How to convert a CNN LSTM form keras to pytorch

I am trying to convert a CNN LSTM for keras to pytorch but I have trouble.

ConvNN_model = models.Sequential()
ConvNN_model.add(layers.Conv2D(32, (3, 3), activation='relu', input_shape=(64, 64, 1)))
ConvNN_model.add(layers.MaxPooling2D((2, 2)))
ConvNN_model.add(layers.Conv2D(64, (3, 3), activation='relu'))
ConvNN_model.add(TimeDistributed(LSTM(128, activation='relu')))
ConvNN_model.add(Dropout(0.2))
ConvNN_model.add(LSTM(128, activation='relu'))
ConvNN_model.add(layers.Dense(64, activation='relu'))
ConvNN_model.add(layers.Dropout(0.25))
ConvNN_model.add(layers.Dense(15, activation='softmax'))

How to convert the above code from Keras to Pytorch?

Solution

This is your CNN in Keras:

ConvNN_model = models.Sequential()
ConvNN_model.add(layers.Conv2D(32, (3, 3), activation='relu', input_shape=(64, 64, 1)))
ConvNN_model.add(layers.MaxPooling2D((2, 2)))
ConvNN_model.add(layers.Conv2D(64, (3, 3), activation='relu'))
ConvNN_model.add(TimeDistributed(LSTM(128, activation='relu')))
ConvNN_model.add(Dropout(0.2))
ConvNN_model.add(LSTM(128, activation='relu'))
ConvNN_model.add(layers.Dense(64, activation='relu'))
ConvNN_model.add(layers.Dropout(0.25))
ConvNN_model.add(layers.Dense(15, activation='softmax'))

This is the equivalent code in PyTorch:

class ConvNN_model(nn.Module):
    def __init__(self):
        super(ConvNN_model, self).__init__()
        self.layers = nn.Sequential(
                         nn.Conv2d(1, 32, kernel_size=3),
                         nn.ReLU(),
                         nn.MaxPool2d((2, 2)),
                         nn.Conv2d(32, 64, kernel_size=3),
                         nn.ReLU(),
                         TimeDistributed(nn.LSTM(128, 128)),
                         nn.Dropout(0.2),
                         nn.LSTM(128, 128),
                         nn.ReLU(),
                         nn.Linear(128, 64),
                         nn.ReLU(),
                         nn.Dropout(0.25),
                         nn.Linear(64, 15),
                         nn.Softmax()
                         )
    def forward(self, x):
        return self.layers(x)

Keep in mind that there is no equivalent module for the TimeDistributed class in PyTorch, so you have to build it yourself. Here is one that you can use (from here):

class TimeDistributed(nn.Module):
    def __init__(self, module, batch_first=False):
        super(TimeDistributed, self).__init__()
        self.module = module
        self.batch_first = batch_first

    def forward(self, x):

        if len(x.size()) <= 2:
            return self.module(x)

        # Squash samples and timesteps into a single axis
        x_reshape = x.contiguous().view(-1, x.size(-1))  # (samples * timesteps, input_size)

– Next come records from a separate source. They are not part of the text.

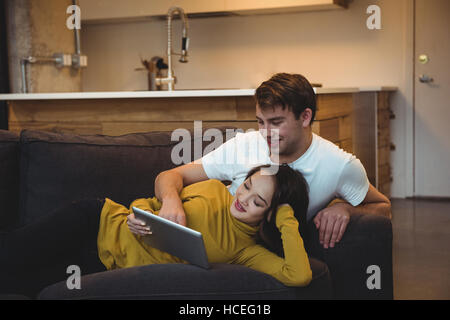 Cheerful couple lying together on sofa using digital tablet Stock Photo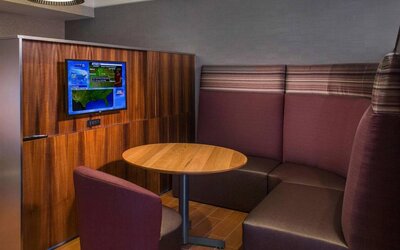 A media pod, featuring coffee table, TV, and comfortable seating where guests can relax and co-work.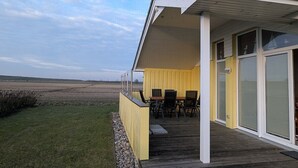 A covered outdoor area with a wooden deck, a yellow wall, and a view of a field. - North Sea vacation home Huus Eiderente - relaxation, wellness, fireplace, fiber optic WLAN (Wesselburenerkoog)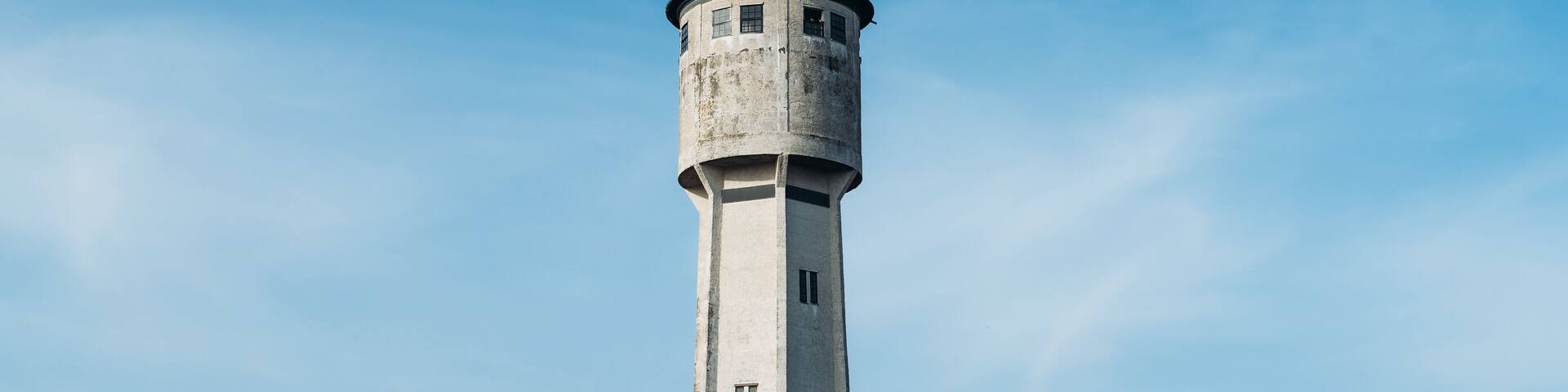 Old white tower blue sky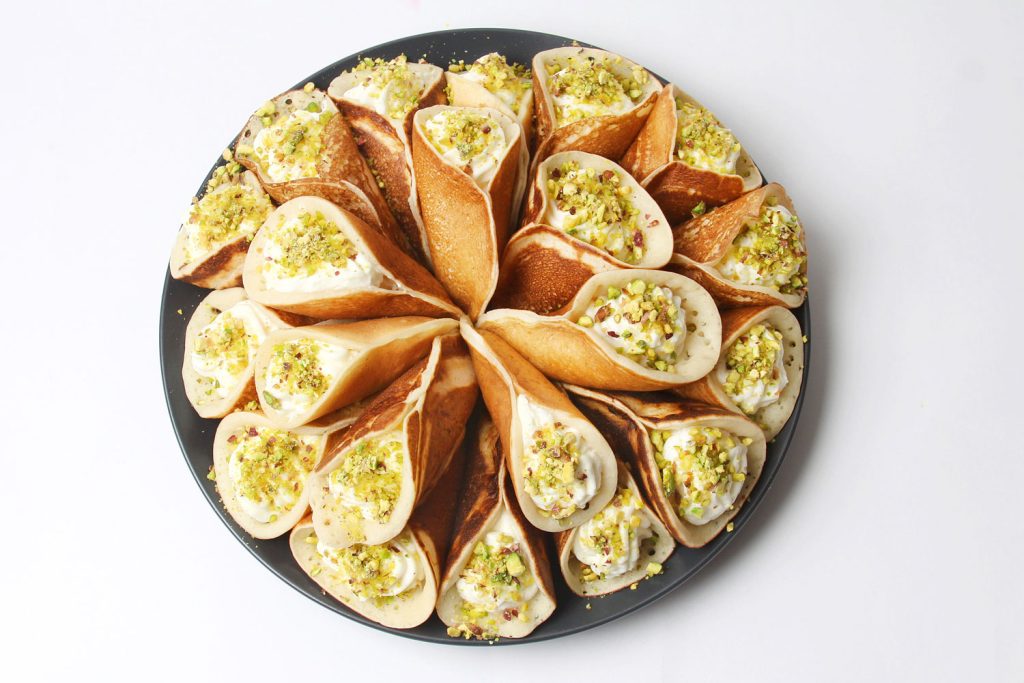 A plate of qatayef filled with cream and nuts.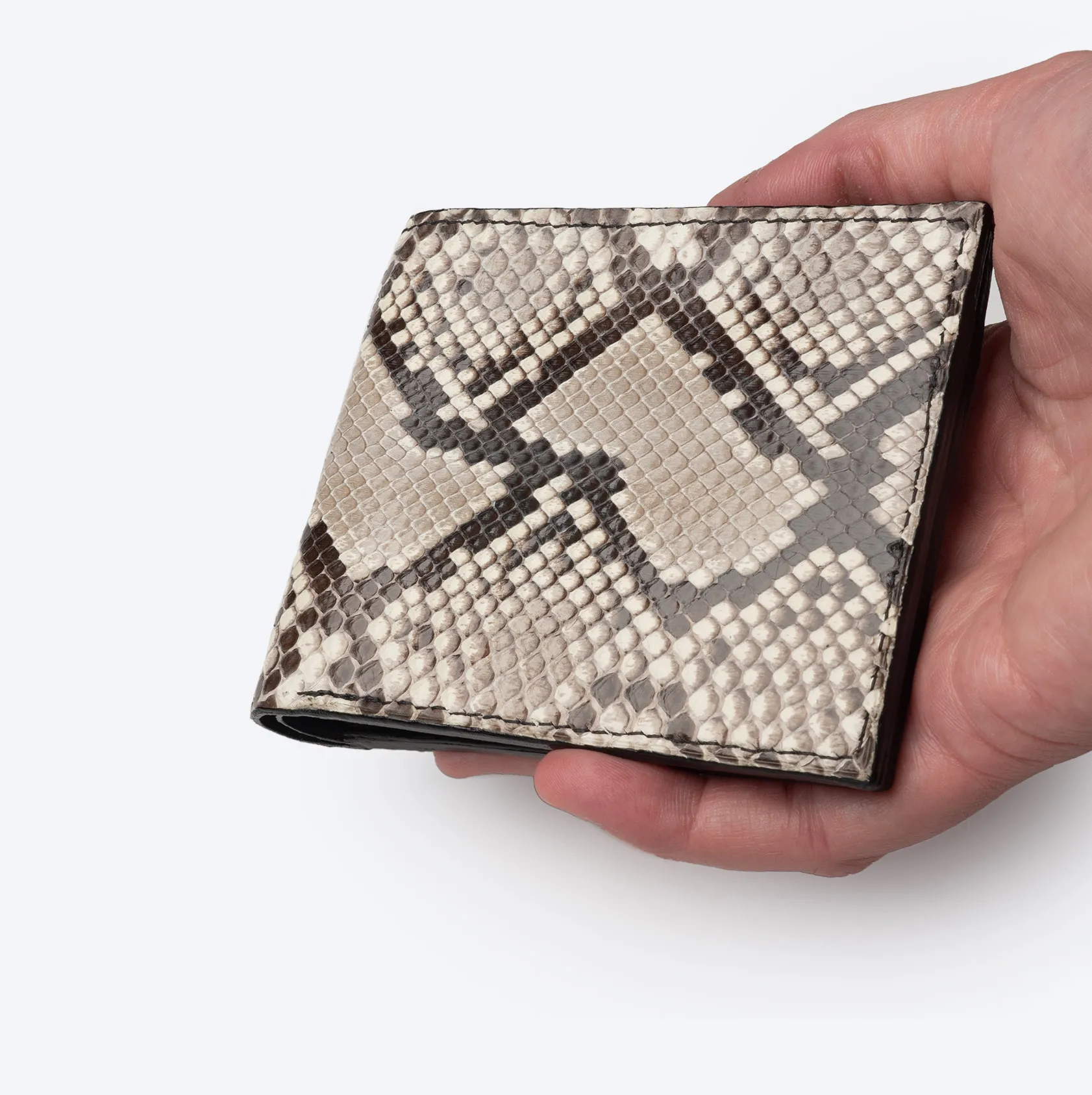 Leather wallet held in hand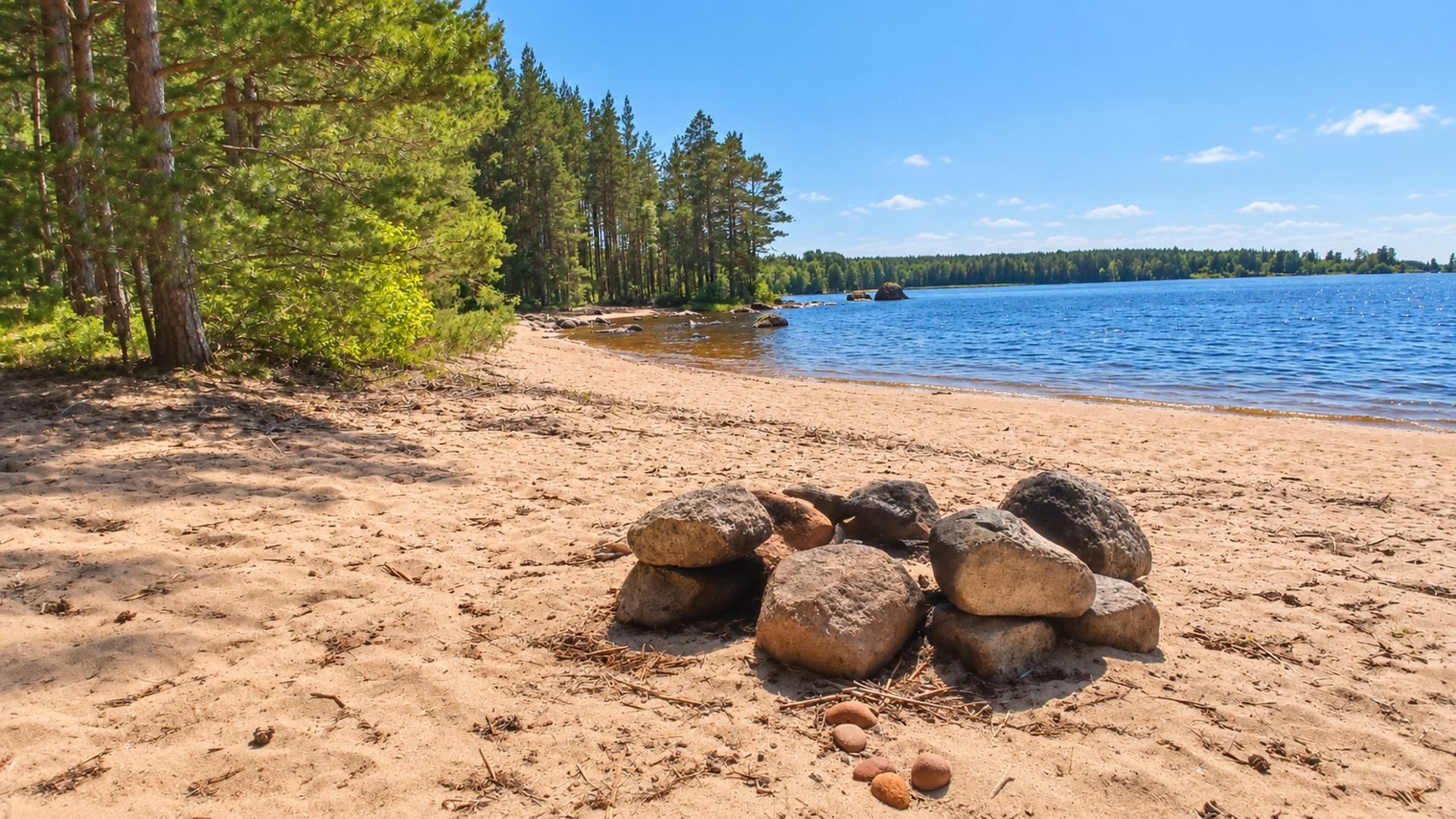 Hiekkainen ranta, jonka edessä on kivikasa ja taustalla tyyni järvi.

        y = self.module(x_reshape)

        # We have to reshape Y
        if self.batch_first:
            y = y.contiguous().view(x.size(0), -1, y.size(-1))  # (samples, timesteps, output_size)
        else:
            y = y.view(-1, x.size(1), y.size(-1))  # (timesteps, samples, output_size)

        return y

There are a million-and-one ways to skin a cat; you do not necessarily have to create the entire network in the nn.Sequential block as I did. Or if you wanted to stick to the sequential method to stay consistent with Keras, you don't need to subclass nn.Module and use the sequential layers altogether.